The answer must consist only of the lines in the records below from the line with "Tex Murphy: Mean Streets screenshot 3" to the line with "迪士尼（Disney）包包女", both included, copied word for word with every picture left out.

EXERCISE DATA |

+--

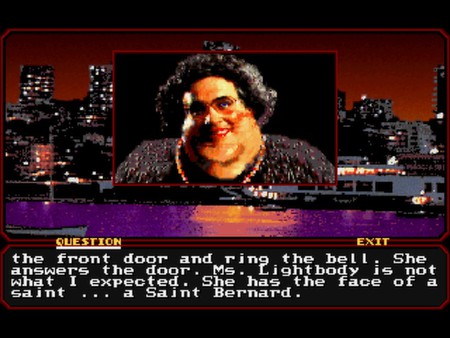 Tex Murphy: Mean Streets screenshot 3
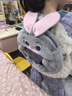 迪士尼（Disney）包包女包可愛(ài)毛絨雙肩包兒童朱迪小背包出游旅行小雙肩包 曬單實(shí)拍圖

+--

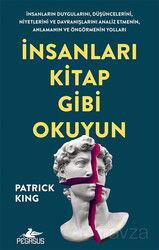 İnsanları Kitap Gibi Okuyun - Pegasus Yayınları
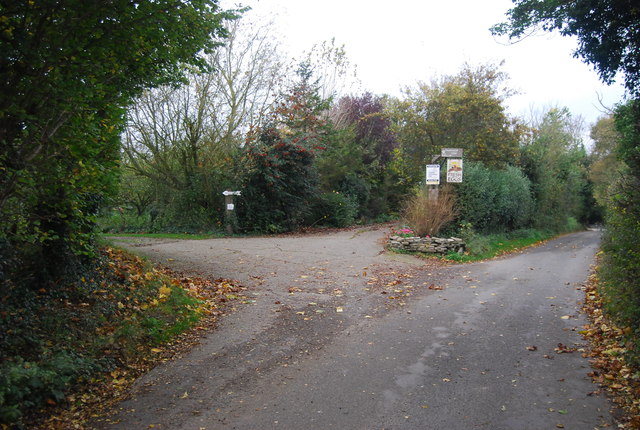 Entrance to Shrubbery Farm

+--

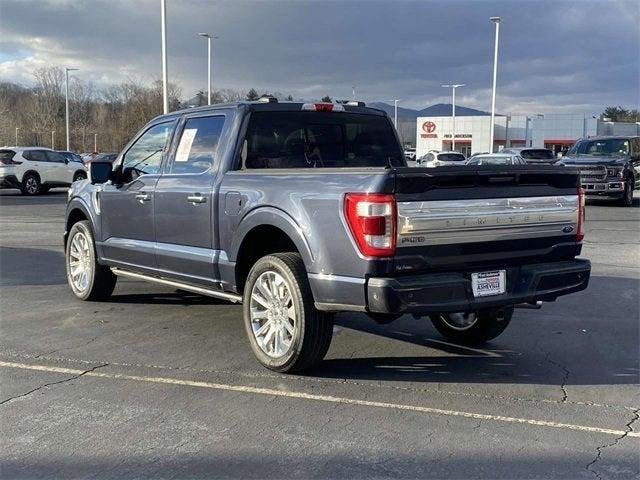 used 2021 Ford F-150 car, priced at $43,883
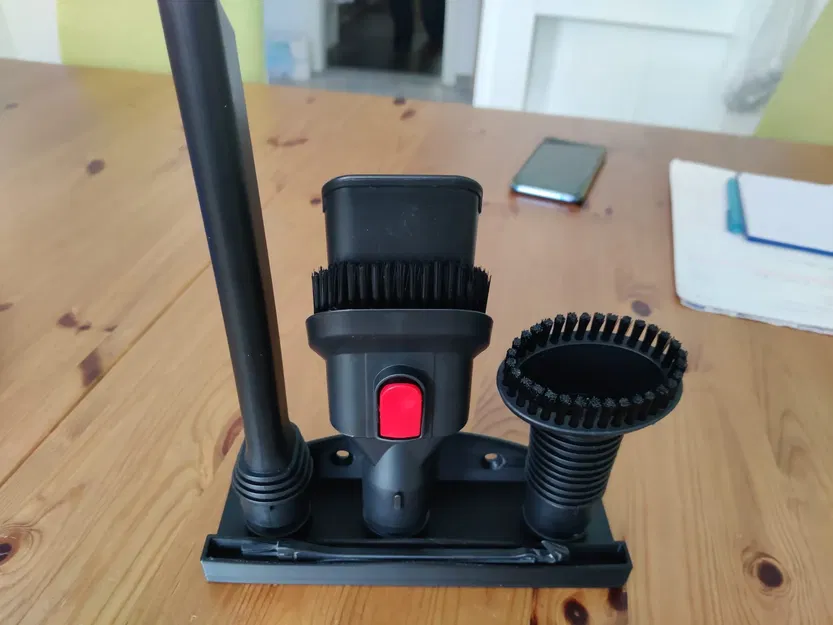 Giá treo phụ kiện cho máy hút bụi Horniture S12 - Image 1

+--

RESULT |
 Tex Murphy: Mean Streets screenshot 3
 迪士尼（Disney）包包女包可愛(ài)毛絨雙肩包兒童朱迪小背包出游旅行小雙肩包 曬單實(shí)拍圖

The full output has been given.